Problem to work on - Your output should be the entries below, from the first line up to and including the line with "A bright kitchen", reproduced exactly and with no other lines.

Records for the task below:

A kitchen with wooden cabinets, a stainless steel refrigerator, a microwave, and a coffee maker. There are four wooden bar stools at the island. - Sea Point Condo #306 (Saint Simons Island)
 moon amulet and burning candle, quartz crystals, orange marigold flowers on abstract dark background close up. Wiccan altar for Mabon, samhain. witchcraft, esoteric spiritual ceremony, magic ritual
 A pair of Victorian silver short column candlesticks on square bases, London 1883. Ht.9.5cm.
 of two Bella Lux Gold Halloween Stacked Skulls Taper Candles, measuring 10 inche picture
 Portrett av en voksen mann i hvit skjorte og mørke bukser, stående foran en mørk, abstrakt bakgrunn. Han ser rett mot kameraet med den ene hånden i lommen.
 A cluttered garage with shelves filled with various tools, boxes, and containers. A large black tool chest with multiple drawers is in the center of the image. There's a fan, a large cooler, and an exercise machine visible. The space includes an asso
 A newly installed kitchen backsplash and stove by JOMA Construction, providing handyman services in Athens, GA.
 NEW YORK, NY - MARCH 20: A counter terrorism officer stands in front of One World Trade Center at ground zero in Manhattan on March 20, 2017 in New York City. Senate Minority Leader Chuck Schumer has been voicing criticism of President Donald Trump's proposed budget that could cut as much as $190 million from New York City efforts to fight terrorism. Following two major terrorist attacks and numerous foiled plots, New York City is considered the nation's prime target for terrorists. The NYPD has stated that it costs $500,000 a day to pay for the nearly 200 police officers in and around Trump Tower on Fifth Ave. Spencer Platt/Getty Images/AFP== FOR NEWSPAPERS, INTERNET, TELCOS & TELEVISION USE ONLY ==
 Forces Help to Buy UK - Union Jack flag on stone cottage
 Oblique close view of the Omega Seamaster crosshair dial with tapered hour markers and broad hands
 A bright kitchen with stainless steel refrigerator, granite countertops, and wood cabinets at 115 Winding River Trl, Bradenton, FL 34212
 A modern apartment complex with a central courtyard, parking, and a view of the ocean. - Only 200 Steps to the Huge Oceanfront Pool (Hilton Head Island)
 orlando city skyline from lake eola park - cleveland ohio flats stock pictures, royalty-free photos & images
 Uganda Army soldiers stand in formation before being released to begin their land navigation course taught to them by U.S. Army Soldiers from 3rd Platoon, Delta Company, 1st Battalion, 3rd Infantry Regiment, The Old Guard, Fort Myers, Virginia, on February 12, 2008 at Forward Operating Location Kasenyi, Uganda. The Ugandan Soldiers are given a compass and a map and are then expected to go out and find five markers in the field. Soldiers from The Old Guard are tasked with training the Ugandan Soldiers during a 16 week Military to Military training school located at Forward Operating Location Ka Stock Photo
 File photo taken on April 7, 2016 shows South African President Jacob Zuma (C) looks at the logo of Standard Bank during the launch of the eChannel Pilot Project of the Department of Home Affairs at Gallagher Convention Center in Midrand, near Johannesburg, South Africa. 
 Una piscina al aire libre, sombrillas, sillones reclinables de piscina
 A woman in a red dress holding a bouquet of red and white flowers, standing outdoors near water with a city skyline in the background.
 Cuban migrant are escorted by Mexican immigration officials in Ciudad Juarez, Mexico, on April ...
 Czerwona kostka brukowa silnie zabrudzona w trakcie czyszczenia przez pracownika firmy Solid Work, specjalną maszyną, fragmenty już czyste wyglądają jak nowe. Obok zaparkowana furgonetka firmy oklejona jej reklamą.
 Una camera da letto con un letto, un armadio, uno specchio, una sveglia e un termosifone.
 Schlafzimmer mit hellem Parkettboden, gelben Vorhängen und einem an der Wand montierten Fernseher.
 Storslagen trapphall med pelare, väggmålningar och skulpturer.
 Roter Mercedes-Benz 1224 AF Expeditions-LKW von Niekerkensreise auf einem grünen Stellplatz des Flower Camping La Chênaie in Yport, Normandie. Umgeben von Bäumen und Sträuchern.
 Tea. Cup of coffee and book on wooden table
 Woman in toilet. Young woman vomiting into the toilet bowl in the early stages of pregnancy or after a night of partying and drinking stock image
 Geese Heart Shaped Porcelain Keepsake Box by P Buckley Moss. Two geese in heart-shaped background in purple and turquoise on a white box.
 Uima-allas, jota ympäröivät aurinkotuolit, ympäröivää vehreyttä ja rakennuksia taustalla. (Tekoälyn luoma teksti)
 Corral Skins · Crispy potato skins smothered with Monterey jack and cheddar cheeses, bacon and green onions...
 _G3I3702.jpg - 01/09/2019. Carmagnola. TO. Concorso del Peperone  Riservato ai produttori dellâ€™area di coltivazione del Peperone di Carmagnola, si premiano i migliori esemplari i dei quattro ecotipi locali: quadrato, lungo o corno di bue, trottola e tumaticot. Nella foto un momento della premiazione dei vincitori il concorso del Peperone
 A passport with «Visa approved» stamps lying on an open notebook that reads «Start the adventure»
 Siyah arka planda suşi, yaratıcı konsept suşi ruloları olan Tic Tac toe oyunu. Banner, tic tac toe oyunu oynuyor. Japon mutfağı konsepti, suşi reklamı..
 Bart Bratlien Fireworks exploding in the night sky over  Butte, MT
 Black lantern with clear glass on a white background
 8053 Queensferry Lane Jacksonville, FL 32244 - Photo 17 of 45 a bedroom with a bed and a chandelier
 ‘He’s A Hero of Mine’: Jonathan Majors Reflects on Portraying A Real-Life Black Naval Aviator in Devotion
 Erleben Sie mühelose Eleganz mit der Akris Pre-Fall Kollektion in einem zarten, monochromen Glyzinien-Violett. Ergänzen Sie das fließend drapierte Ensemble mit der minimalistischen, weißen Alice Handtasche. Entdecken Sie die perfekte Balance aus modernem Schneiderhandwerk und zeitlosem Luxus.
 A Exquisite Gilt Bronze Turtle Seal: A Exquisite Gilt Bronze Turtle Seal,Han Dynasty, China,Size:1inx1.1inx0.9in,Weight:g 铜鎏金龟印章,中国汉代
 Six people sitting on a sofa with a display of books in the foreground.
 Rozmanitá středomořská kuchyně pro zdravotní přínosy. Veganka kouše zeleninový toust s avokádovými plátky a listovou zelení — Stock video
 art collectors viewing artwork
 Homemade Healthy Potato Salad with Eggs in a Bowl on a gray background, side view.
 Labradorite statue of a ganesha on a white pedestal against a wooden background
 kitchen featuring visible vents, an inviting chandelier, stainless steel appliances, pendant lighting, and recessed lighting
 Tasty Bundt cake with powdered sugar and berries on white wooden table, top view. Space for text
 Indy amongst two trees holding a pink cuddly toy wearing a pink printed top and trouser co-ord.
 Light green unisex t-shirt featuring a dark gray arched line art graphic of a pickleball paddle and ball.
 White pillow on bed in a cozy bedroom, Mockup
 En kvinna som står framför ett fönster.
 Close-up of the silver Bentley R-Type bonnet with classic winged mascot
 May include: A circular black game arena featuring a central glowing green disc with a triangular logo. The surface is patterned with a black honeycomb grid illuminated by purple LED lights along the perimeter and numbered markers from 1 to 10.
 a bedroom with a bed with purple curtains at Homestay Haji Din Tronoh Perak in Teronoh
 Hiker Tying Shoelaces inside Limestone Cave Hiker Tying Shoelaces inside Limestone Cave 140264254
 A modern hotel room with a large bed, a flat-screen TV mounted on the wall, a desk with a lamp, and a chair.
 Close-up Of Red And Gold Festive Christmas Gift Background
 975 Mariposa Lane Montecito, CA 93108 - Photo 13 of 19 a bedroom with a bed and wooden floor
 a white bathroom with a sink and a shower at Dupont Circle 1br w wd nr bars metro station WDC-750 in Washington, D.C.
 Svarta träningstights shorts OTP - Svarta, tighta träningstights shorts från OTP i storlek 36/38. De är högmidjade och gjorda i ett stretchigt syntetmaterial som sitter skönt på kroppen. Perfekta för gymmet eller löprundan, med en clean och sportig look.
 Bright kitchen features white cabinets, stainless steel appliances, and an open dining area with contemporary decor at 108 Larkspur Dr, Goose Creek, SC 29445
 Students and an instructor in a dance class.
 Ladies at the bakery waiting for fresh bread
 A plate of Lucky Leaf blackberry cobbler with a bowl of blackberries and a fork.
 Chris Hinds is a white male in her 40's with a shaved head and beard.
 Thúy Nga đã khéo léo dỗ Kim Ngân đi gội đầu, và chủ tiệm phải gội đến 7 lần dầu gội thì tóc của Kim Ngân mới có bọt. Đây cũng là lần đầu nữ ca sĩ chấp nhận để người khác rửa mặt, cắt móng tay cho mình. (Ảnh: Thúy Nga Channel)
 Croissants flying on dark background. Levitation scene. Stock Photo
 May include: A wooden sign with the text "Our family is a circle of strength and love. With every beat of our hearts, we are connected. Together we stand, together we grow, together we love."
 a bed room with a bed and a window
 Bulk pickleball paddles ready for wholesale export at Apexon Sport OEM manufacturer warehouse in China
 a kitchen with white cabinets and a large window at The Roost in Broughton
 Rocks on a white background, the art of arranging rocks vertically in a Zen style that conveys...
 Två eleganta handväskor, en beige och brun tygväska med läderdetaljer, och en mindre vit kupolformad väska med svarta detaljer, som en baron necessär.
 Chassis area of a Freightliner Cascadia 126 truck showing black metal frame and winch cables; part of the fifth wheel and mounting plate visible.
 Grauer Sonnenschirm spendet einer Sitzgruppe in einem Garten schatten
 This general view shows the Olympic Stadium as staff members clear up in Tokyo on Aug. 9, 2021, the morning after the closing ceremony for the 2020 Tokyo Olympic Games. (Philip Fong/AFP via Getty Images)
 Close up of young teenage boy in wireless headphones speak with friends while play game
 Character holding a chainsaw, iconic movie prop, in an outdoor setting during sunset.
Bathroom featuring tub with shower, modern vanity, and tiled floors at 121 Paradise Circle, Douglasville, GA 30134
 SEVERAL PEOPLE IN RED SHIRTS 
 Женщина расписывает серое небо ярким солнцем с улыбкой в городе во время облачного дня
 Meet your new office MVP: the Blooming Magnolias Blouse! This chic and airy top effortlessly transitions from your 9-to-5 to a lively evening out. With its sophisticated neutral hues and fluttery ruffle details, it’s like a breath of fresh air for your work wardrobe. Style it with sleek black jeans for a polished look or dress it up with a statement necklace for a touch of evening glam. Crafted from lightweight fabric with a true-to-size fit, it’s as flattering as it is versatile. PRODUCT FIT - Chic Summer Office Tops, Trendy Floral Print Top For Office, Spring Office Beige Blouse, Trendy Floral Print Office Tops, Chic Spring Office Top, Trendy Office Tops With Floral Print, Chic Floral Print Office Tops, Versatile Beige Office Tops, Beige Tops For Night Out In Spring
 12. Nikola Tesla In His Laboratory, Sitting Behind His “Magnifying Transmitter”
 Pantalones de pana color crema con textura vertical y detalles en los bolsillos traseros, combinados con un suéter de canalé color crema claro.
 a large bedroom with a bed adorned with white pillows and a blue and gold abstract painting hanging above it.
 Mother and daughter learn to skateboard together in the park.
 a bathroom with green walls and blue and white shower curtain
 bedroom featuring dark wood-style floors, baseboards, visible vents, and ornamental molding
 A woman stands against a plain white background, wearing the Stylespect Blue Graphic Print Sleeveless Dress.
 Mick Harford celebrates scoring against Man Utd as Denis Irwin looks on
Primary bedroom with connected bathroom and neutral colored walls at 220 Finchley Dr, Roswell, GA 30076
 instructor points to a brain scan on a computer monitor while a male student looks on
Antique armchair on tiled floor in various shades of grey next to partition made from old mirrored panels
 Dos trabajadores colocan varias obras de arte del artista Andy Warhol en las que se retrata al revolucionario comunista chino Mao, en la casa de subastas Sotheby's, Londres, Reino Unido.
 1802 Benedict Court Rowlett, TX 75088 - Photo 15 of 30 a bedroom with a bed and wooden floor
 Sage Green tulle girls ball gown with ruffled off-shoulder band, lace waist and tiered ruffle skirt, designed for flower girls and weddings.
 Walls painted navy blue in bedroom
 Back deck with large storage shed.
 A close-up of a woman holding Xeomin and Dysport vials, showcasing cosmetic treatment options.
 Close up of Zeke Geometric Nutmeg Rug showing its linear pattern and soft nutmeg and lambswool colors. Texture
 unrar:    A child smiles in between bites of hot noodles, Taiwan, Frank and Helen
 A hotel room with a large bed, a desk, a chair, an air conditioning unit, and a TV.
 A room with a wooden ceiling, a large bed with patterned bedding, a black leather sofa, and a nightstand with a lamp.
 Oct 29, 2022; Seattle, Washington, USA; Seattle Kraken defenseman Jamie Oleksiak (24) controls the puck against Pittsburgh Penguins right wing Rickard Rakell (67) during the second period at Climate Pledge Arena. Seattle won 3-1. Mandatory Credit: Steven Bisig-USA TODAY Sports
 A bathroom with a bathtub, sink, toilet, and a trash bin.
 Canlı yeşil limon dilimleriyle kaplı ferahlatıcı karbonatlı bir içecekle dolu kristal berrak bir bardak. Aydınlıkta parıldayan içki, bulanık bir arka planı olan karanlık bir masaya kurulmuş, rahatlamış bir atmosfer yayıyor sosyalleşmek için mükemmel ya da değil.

End of Records for the task.

Result for this task -
A kitchen with wooden cabinets, a stainless steel refrigerator, a microwave, and a coffee maker. There are four wooden bar stools at the island. - Sea Point Condo #306 (Saint Simons Island)
 moon amulet and burning candle, quartz crystals, orange marigold flowers on abstract dark background close up. Wiccan altar for Mabon, samhain. witchcraft, esoteric spiritual ceremony, magic ritual
 A pair of Victorian silver short column candlesticks on square bases, London 1883. Ht.9.5cm.
 of two Bella Lux Gold Halloween Stacked Skulls Taper Candles, measuring 10 inche picture
 Portrett av en voksen mann i hvit skjorte og mørke bukser, stående foran en mørk, abstrakt bakgrunn. Han ser rett mot kameraet med den ene hånden i lommen.
 A cluttered garage with shelves filled with various tools, boxes, and containers. A large black tool chest with multiple drawers is in the center of the image. There's a fan, a large cooler, and an exercise machine visible. The space includes an asso
 A newly installed kitchen backsplash and stove by JOMA Construction, providing handyman services in Athens, GA.
 NEW YORK, NY - MARCH 20: A counter terrorism officer stands in front of One World Trade Center at ground zero in Manhattan on March 20, 2017 in New York City. Senate Minority Leader Chuck Schumer has been voicing criticism of President Donald Trump's proposed budget that could cut as much as $190 million from New York City efforts to fight terrorism. Following two major terrorist attacks and numerous foiled plots, New York City is considered the nation's prime target for terrorists. The NYPD has stated that it costs $500,000 a day to pay for the nearly 200 police officers in and around Trump Tower on Fifth Ave. Spencer Platt/Getty Images/AFP== FOR NEWSPAPERS, INTERNET, TELCOS & TELEVISION USE ONLY ==
 Forces Help to Buy UK - Union Jack flag on stone cottage
 Oblique close view of the Omega Seamaster crosshair dial with tapered hour markers and broad hands
 A bright kitchen with stainless steel refrigerator, granite countertops, and wood cabinets at 115 Winding River Trl, Bradenton, FL 34212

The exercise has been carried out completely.